Photo Credit: Norman Hann and Bruce Kirby Make Epic Journey Bruce Kirby | Facebook

A Dance With The Devil

Waves can top 30 metres in the strait named after the Greek goddess of the underworld

Paddleboarders plow across Hecate Strait in 12-hour push

Royston-based Norm Hann became the first person to paddle board across Hecate Strait, a body of water that has bashed around more than its fair share of boats in the past.

Hann teamed up with fellow adventurer for this 12-hour, sufferfest crossing of a notoriously nasty piece of water.

Hecate Strait separates Haida Gwaii from the BC Mainland. It’s shallow, with depths of between 50 and 115 feet.
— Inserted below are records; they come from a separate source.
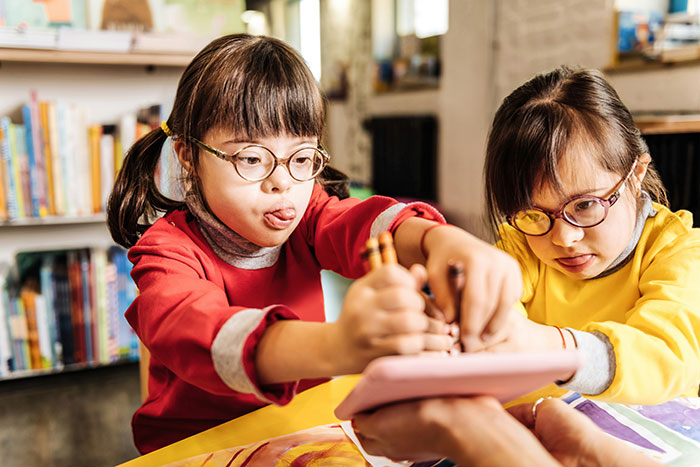 Two young girls with glasses drawing together at a table, expressing creativity and focus.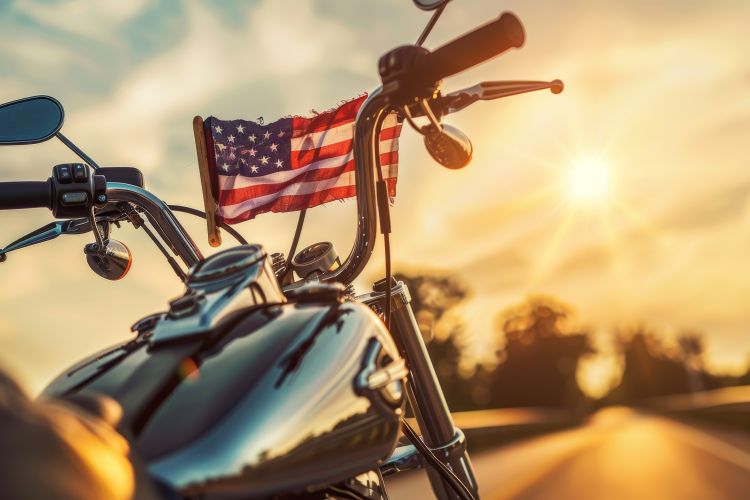 A motorcycle with an American Flag in front of it.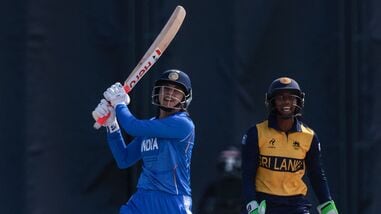 India's Smriti Mandhana plays a shot in front of Sri Lanka's Kaushini Nuthyangana in the women's gold medal match at Asian Games 2026.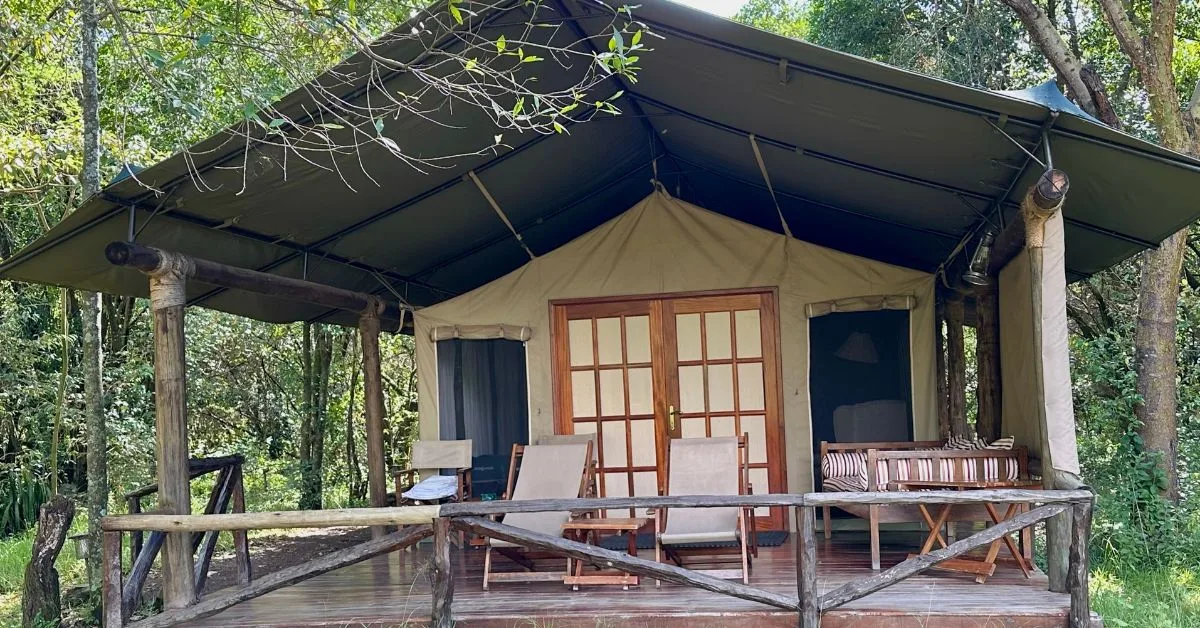 Safari tent with chairs and daybed on deck.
Winds from Dixon Entrance in the north and Queen Charlotte Sound to the south can quickly whip the strait into a frothy mess of whitewater and waves.

Hecate Strait is named after the Greek goddess of the underworld, night and witchcraft. Sailors have recorded 30-metre-high waves in the strait. That’s tall enough to submerge an 8-storey building.
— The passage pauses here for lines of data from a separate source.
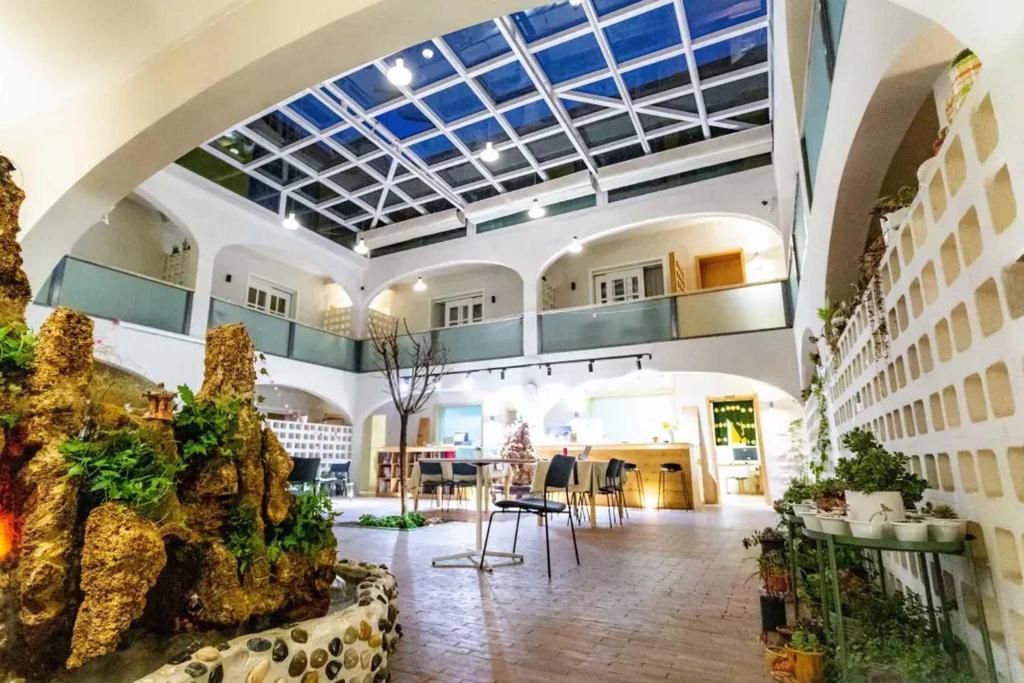 a large building with arium with a ceiling at TRANQUIL HOUSE in Lhasa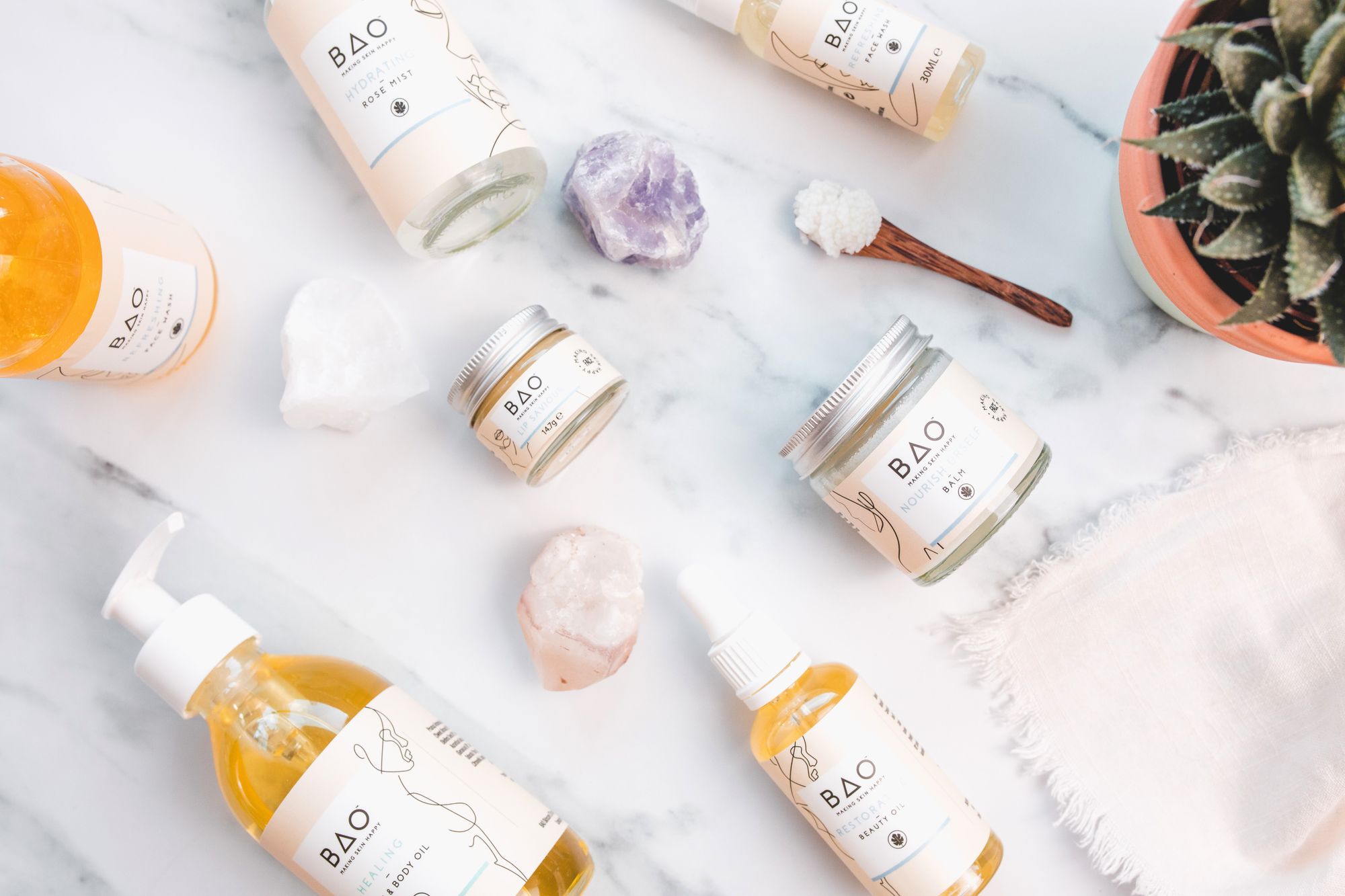 Bottles and pots from the skincare range at BAO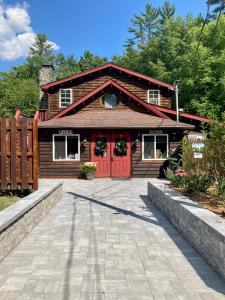 a log cabin with a red door and a driveway at Magnolia Streamside Resort in Canadensis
Hann and Kirkby had been watching the forecast like hawks while on a north coast SUP trip. When weather conditions lined up, they hustled to Naikoon with their paddleboards. Also known as Rose Spit, this is the northeasternmost point of land on Haida Gwaii.

Then they set off and paddled into the rising sun for the almost 50 km crossing. It was all that they imagined Hecate Strait to be – wild, windy and bumpy.
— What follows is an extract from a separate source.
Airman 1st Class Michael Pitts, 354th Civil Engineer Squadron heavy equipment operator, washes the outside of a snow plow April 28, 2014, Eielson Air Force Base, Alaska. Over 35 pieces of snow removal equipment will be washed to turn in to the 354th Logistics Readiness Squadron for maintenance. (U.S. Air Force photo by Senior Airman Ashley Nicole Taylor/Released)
“Messy seas slowed our progress to a crawl at times,” Hann wrote in a recent Instagram post. “… being alone on those capricious waters was humbling, and we feel blessed to have glimpsed Hecate’s eternity and power.”

Hann is a widely travelled stand-up paddle boarder. In May 2010, he and sea kayaker Brian Huntington travelled the proposed Enbridge oil tanker route through the Great Bear Rainforest. The 400-km paddle trip took them from Kitimaat to the Heiltsuk village of Bella Bella. 

The journey formed the basis of the documentary StandUp4GreatBear documentary that you can watch here.

Bruce Kirkby is a writer and adventurer who first hit the headlines in 1999 after crossing the Arabian desert by camel with two other Canadians and three Bedouins.

His book Sand Dance: By Camel Across Arabia’s Great Southern Desert, tells the tale.